In October, the justice committee said: “Referral fees reward a range of illegal behaviour, and banning them, together with introducing custodial sentences for breaches of the Data Protection Act, would have the twin effect of both increasing the deterrent and reducing the financial incentives for these offences.”

But in its newly published response to the report, Referral fees and the theft of personal data, the Ministry of Justice said the referral fee ban – now contained in the Legal Aid, Sentencing and Punishment of Offenders Bill – had been prompted by concerns about “personal injury claimants being actively encouraged to pursue their claims”.

It added: “However, the provisions in the bill do include powers to enable the Lord Chancellor to make regulations to extend the ban to other types of claim and legal services, should the need arise in due course.”

Section 55 of the DPA makes it a criminal offence to knowingly or recklessly obtain, disclose or procure the disclosure to another person of personal data. The power to introduce custodial sentences of up to two years exists but has not yet been activated. The maximum penalty is currently a fine of up to £5,000.

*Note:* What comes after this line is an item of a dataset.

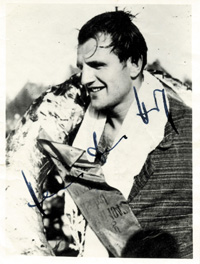 (1919-2003) Originalsignatur auf S/W-Foto aus aktiver Zeit von Hein Ten Hoff. Ex-Europameister im Schwergewicht. Datiert vom 5.3.1948, 12x9 cm.<br>-- Schtzpreis: 40,00  --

The response said the government “is not yet convinced” that custodial sentences would provide a deterrent. “Many of the offenders who commit section 55 offences opportunistically are unlikely to be aware of the penalty for such offences. Indeed, there is good evidence that the probability of being detected and punished generates deterrence.”

It said the issue also needed to be considered in the context of the Leveson inquiry given that the extent to which data protection laws have failed form part of the judge’s terms of reference.

The response added: “Once the Leveson inquiry has reported, we will be in a better position to consider the wider implications of any change to the penalties available to the courts in this area.”

Justice committee chairman Sir Alan Beith MP said: “This is a disappointing response in the light of the Information Commissioner’s clear statements that his enforcement capacity is limited by the absence of a custodial sentence for the most serious cases of abuse of personal information.

“It is likely that ministers will have to return both to this issue and to the issue of referral fees in areas other than personal injury, where they are taking welcome action.”